I bought a HP C4580 wireless printer from Currys for 80 euro. Does everything, including printing pictures from a digital camera. Very happy with it.


----------



## Cat101 (23 Aug 2009)

Gadfly said:


> I bought a HP C4580 wireless printer from Currys for 80 euro. Does everything, including printing pictures from a digital camera. Very happy with it.


 Is that laser or inkjet?


----------



## gm88 (23 Aug 2009)

I bought one too!  It's wireless, and it prints, scans & copies as well as photos.  I bought it for €79 in PC World, but see it's €71.99 in argos.


----------



## woodbine (23 Aug 2009)

i've got a HP Laserjet 3050. it's a printer/copier/scanner/fax.

i've been using it for a couple of years now and i really like it. We paid around €400 for it.


----------



## mathepac (23 Aug 2009)

paddy26 said:


> I am looking to buy a small *laser* printer/ copier....





Gadfly said:


> *HP C4580* wireless printer ...





gm88 said:


> I bought one too! ....


OP wants a *laser* ... 


Cat101 said:


> Is that laser or inkjet?


Inkjet,  HP PhotoSmart range,


----------



## Cat101 (23 Aug 2009)

Thanks Mathepac, thought so but wasn't sure..
At that price it might be worth the OP considering it.


----------



## paddy26 (23 Aug 2009)

Would anyone have any ideas on laser printers.

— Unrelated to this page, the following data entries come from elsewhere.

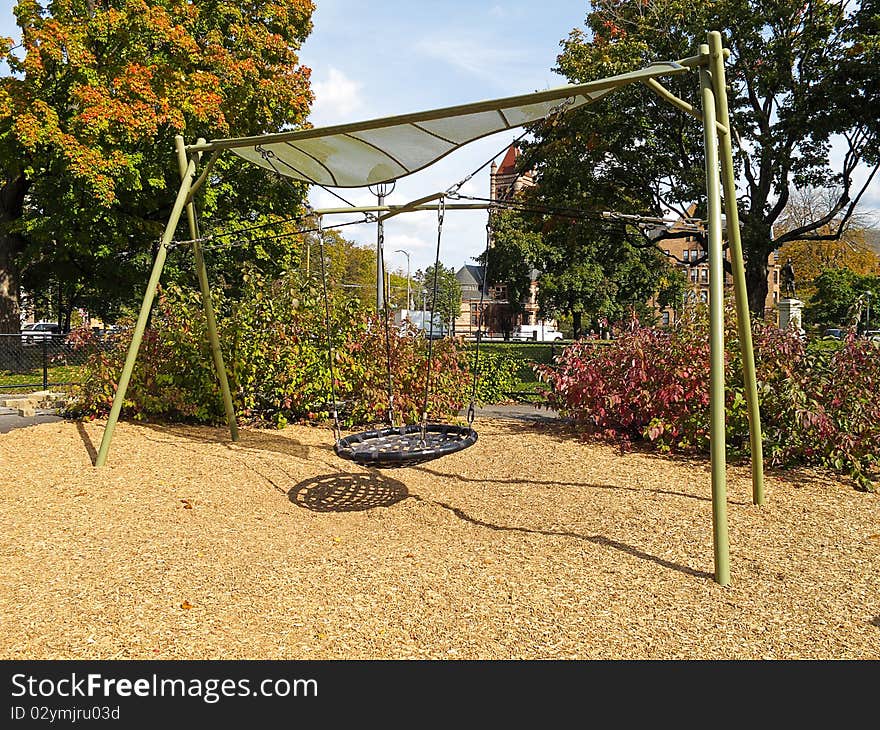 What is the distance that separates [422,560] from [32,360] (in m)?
12.1

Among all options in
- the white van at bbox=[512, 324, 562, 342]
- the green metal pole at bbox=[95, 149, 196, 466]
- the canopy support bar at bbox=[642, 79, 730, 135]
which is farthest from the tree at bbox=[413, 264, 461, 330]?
the white van at bbox=[512, 324, 562, 342]

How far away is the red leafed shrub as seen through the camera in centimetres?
578

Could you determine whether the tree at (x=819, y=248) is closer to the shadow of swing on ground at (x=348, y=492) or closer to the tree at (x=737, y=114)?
the tree at (x=737, y=114)

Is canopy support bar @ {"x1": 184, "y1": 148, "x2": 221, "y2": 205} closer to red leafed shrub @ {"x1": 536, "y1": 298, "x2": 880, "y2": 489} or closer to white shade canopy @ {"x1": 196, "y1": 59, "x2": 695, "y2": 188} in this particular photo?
white shade canopy @ {"x1": 196, "y1": 59, "x2": 695, "y2": 188}

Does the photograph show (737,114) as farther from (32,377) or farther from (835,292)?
(835,292)

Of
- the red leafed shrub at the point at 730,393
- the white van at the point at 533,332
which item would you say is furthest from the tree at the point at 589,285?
the red leafed shrub at the point at 730,393

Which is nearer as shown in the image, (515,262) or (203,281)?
(203,281)

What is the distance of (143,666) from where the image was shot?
2695 mm

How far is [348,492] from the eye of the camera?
5363 millimetres

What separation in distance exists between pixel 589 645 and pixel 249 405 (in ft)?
20.9

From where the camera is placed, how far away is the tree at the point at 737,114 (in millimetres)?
14781

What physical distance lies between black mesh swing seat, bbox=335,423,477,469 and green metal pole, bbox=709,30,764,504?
1846 millimetres

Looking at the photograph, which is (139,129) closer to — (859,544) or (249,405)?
(249,405)

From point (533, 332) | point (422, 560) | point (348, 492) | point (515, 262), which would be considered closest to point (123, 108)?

The printing levels will be reasonably high so will need something that can do 10 pages per min if possible.


----------



## Cat101 (23 Aug 2009)

How much are you planning on spending on a laser printer, Paddy26?
and I'll have a look for you.


----------



## allthedoyles (24 Aug 2009)

For what my opinion is worth , I would recommend PC World or Harvey Norman .


----------



## paddy26 (24 Aug 2009)

Hopefully no more that €300


----------



## Gadfly (24 Aug 2009)

Cat101 said:


> Is that laser or inkjet?



Inkjet, but claims laser quality. Apologies, I didn't read your post thoroughly.


----------



## Cat101 (24 Aug 2009)

Alright Paddy26, I found some you might be interested in:

Available online From.
http://www.pixmania.ie/ie/uk/2784309/art/konica-minolta/konica-minolta-pagepro-13.html
Professional, streamlined businesses are all about efficiency. This is where the PagePro 1380MF All-in-One comes in. Combining *monochrome* laser printing, copying and color scanning to your PC in one unit, it does away with the need for three separate machines.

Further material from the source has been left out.